Job monitoring and debugging
Use the Google Cloud CLI, Dataproc REST API, and Google Cloud console to analyze and debug Dataproc jobs.
gcloud CLI
To examine a running job's status:
gcloud dataproc jobs describe job-id \ --region=region
To view job driver output, see View job output.
REST API
Call jobs.get to examine a job's JobStatus.State, JobStatus.Substate, JobStatus.details, and YarnApplication fields.
Console
To view job driver output, see View job output.
To view the dataproc agent log in Logging, select Dataproc Cluster→Cluster Name→Cluster UUID from the Logs Explorer cluster selector.
Then use the logs selector to select google.dataproc.agent
logs.
View job logs in Logging
If a job fails, you can access job logs in Logging.
Determine who submitted a job
Looking up the details of a job will show who submitted that job in the submittedBy
field. For example, this job output shows user@domain
submitted the example
job to a cluster.
... placement: clusterName: cluster-name clusterUuid: cluster-uuid reference: jobId: job-uuid projectId: project status: state: DONE stateStartTime: '2018-11-01T00:53:37.599Z' statusHistory: - state: PENDING stateStartTime: '2018-11-01T00:33:41.387Z' - state: SETUP_DONE stateStartTime: '2018-11-01T00:33:41.765Z' - details: Agent reported job success state: RUNNING stateStartTime: '2018-11-01T00:33:42.146Z' submittedBy: user@domain
Error messages
Task was not acquired
This indicates that the Dataproc agent on the master node was unable to acquire the task from the control plane. This often happens due to out-of-memory (OOM) or network issues. If the job ran successfully previously and you have not changed network configuration settings, OOM is the most likely cause, often the result of the submission of many concurrently running jobs or jobs whose drivers consume significant memory (for example, jobs that load large datasets into memory).

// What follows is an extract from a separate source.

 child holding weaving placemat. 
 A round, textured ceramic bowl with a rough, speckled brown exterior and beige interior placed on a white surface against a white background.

No agent on master node(s) found to be active
This indicates that the Dataproc agent on the master node is not active and cannot accept new jobs. This often happens due to out-of-memory (OOM) or network issues, or if the master node VM is unhealthy. If the job ran successfully previously and you have not changed network configuration settings, OOM is the most likely cause, which often results from the submission of many concurrently running jobs or jobs whose drivers consume significant memory (jobs that load large datasets into memory). This problem can be resolved by restarting (stopping, then starting) the Dataproc cluster or retrying the job submission later. Note: Stopping a cluster causes all running jobs to fail.
Task not found
This error indicates that the cluster was deleted while a job was running. You can perform the following actions to identify the principal that performed the deletion and confirm that cluster deletion occurred when a job was running:
View the Dataproc audit logs to identify the principal that performed the delete operation.

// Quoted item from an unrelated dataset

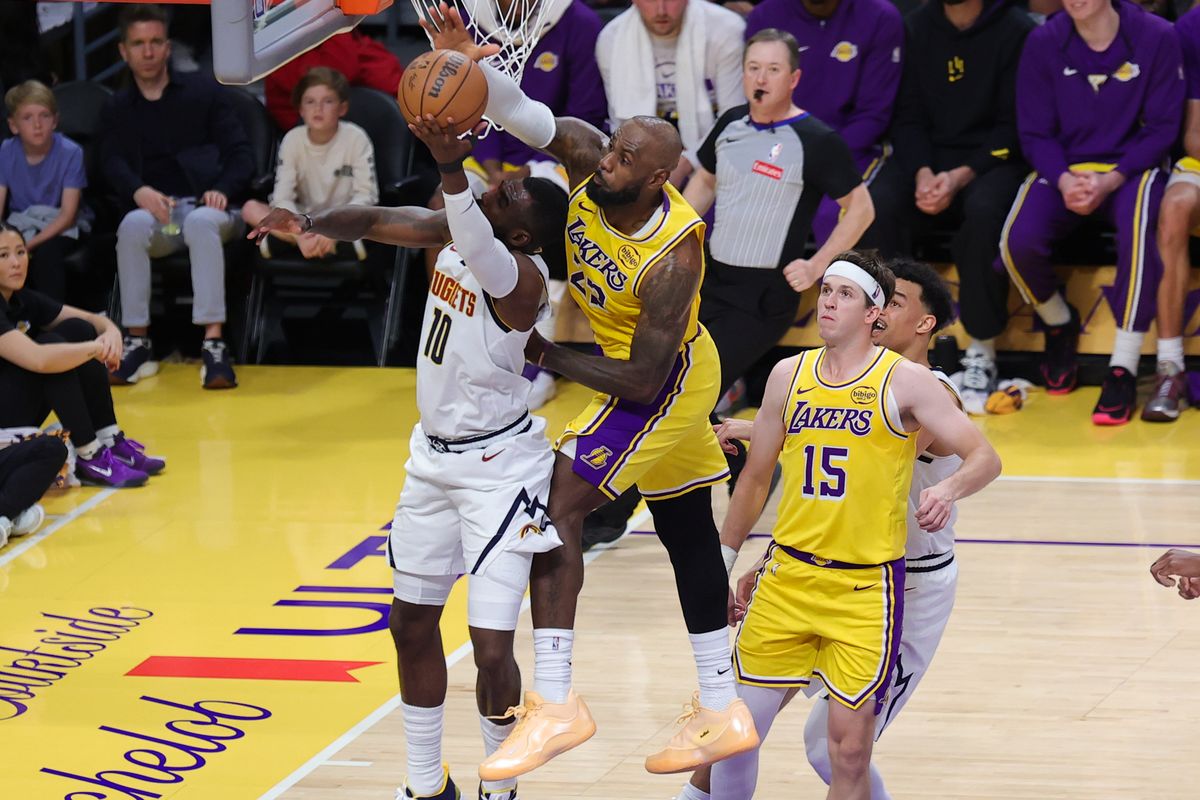 Los Angeles Lakers forward LeBron James (23) blocks the shot of Denever Nuggets guard Tim Hardaway Jr. (10) during an NBA game on March 14, 2026 in Los Angeles, CA. Los Angeles Lakers forward LeBron James (23) blocks the shot of Denever Nuggets guard Tim Hardaway Jr. (10) during an NBA game on March 14, 2026 in Los Angeles, CA.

Use Logging or the gcloud CLI to check that the YARN application's last known state was RUNNING:
- Use the following filter in Logging:
resource.type="cloud_dataproc_cluster" resource.labels.cluster_name="CLUSTER_NAME" resource.labels.cluster_uuid="CLUSTER_UUID" "YARN_APPLICATION_ID State change from"
- Run
gcloud dataproc jobs describe job-id --region=REGION
, then checkyarnApplications: > STATE
in the output.
To avoid Task not found
errors, use automation to make sure that clusters are not deleted
before all running jobs have completed.